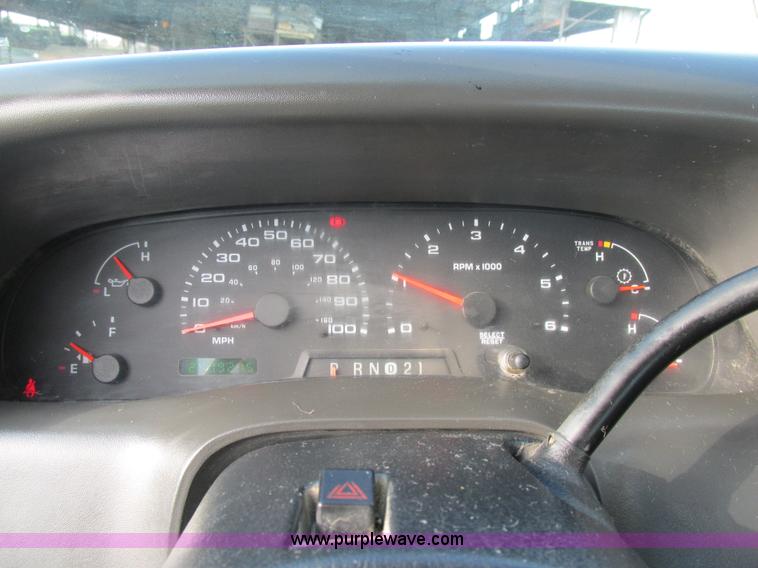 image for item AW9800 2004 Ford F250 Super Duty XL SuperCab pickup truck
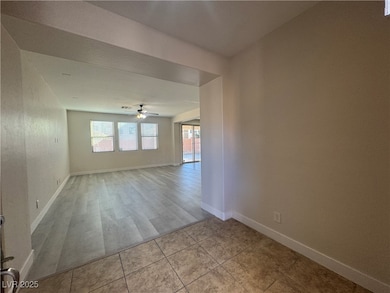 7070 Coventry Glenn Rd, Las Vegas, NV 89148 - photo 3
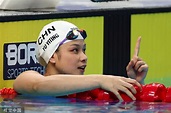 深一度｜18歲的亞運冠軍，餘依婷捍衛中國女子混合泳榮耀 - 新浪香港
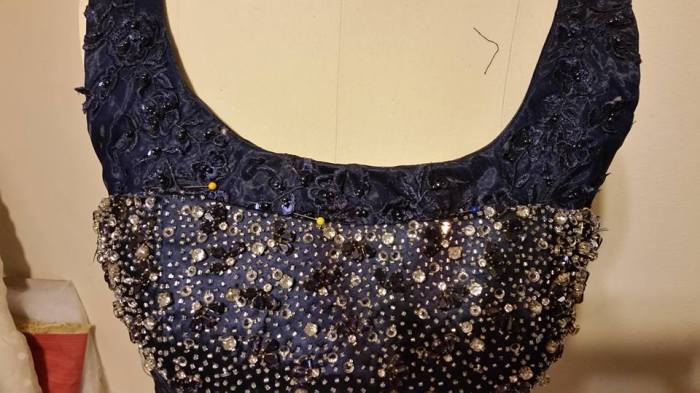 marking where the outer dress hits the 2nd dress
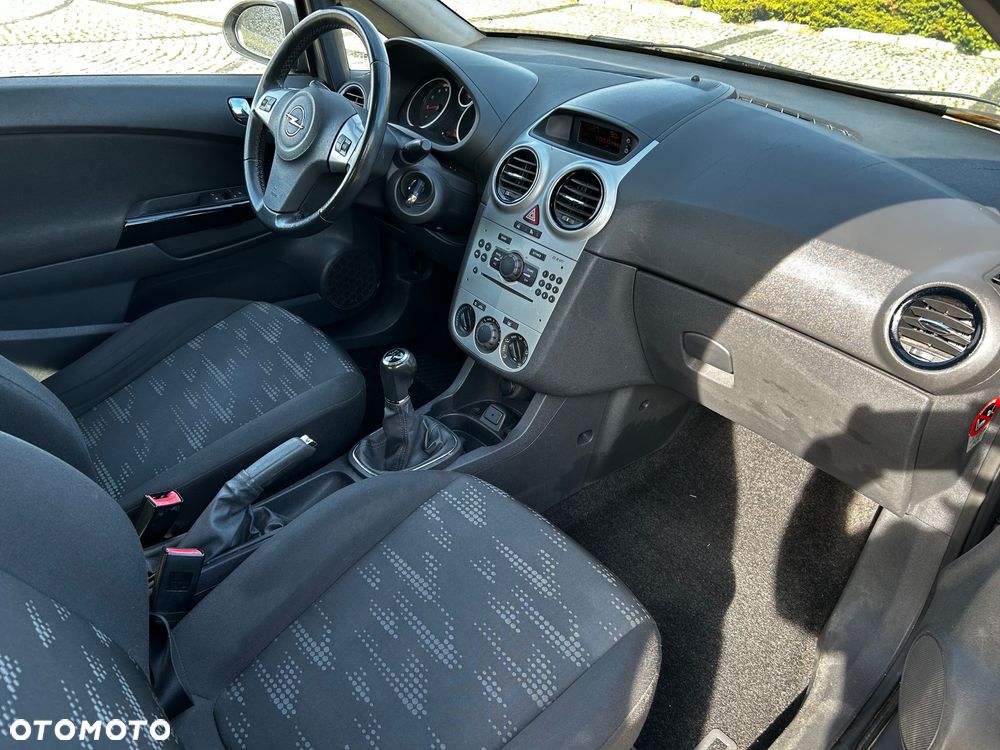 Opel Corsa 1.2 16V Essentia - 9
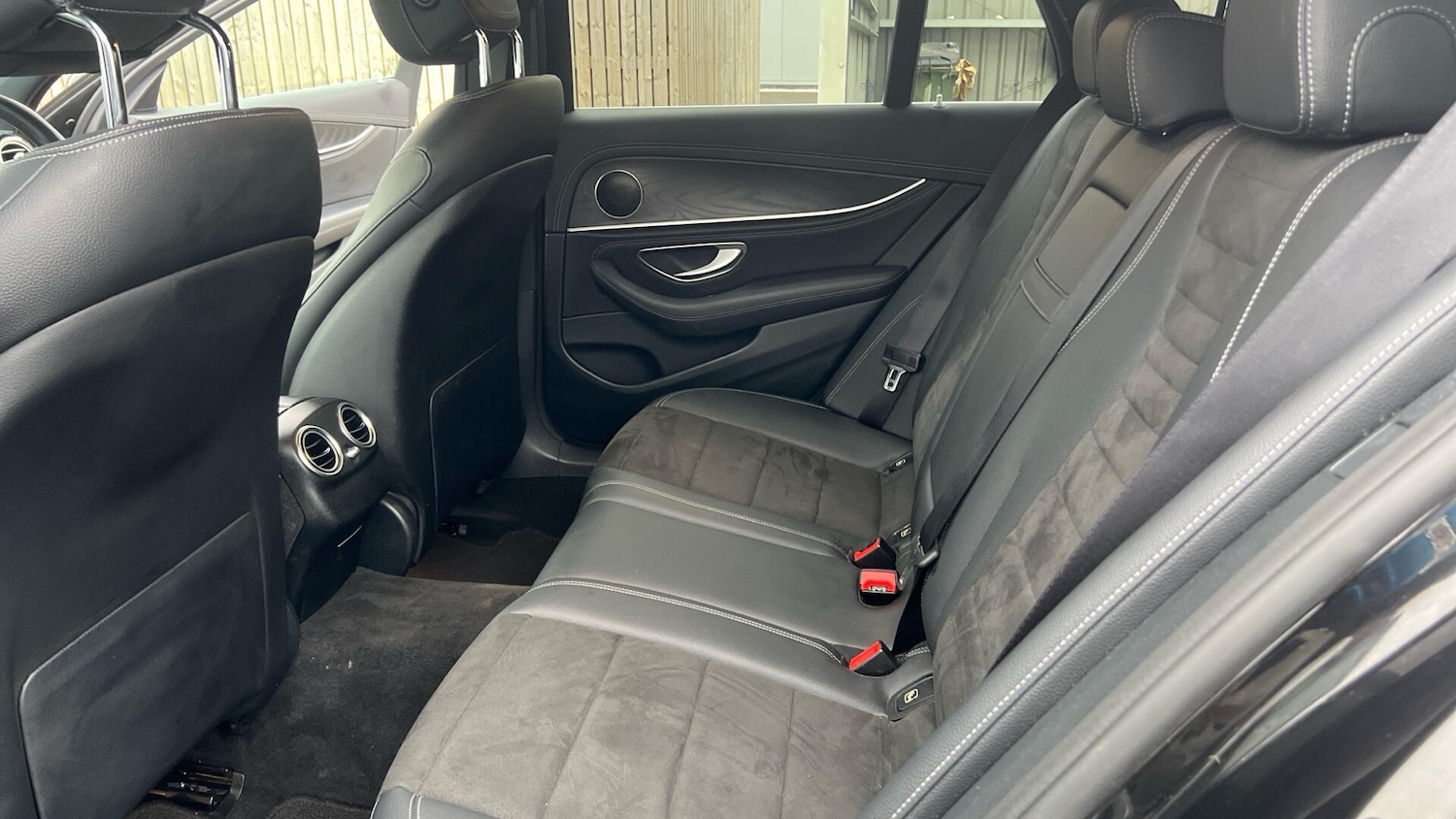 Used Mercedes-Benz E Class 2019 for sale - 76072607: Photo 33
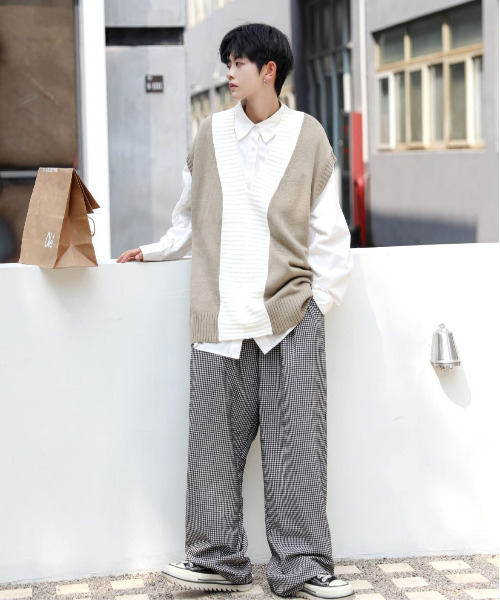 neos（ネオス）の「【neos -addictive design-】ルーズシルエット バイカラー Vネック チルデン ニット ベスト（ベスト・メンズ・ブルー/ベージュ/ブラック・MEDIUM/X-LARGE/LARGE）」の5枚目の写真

__________

Leave images out of the retyped records; keep all else exact.

Solution to this problem –
 image for item AW9800 2004 Ford F250 Super Duty XL SuperCab pickup truck
 7070 Coventry Glenn Rd, Las Vegas, NV 89148 - photo 3
 深一度｜18歲的亞運冠軍，餘依婷捍衛中國女子混合泳榮耀 - 新浪香港
 marking where the outer dress hits the 2nd dress
 Opel Corsa 1.2 16V Essentia - 9
 Used Mercedes-Benz E Class 2019 for sale - 76072607: Photo 33
 neos（ネオス）の「【neos -addictive design-】ルーズシルエット バイカラー Vネック チルデン ニット ベスト（ベスト・メンズ・ブルー/ベージュ/ブラック・MEDIUM/X-LARGE/LARGE）」の5枚目の写真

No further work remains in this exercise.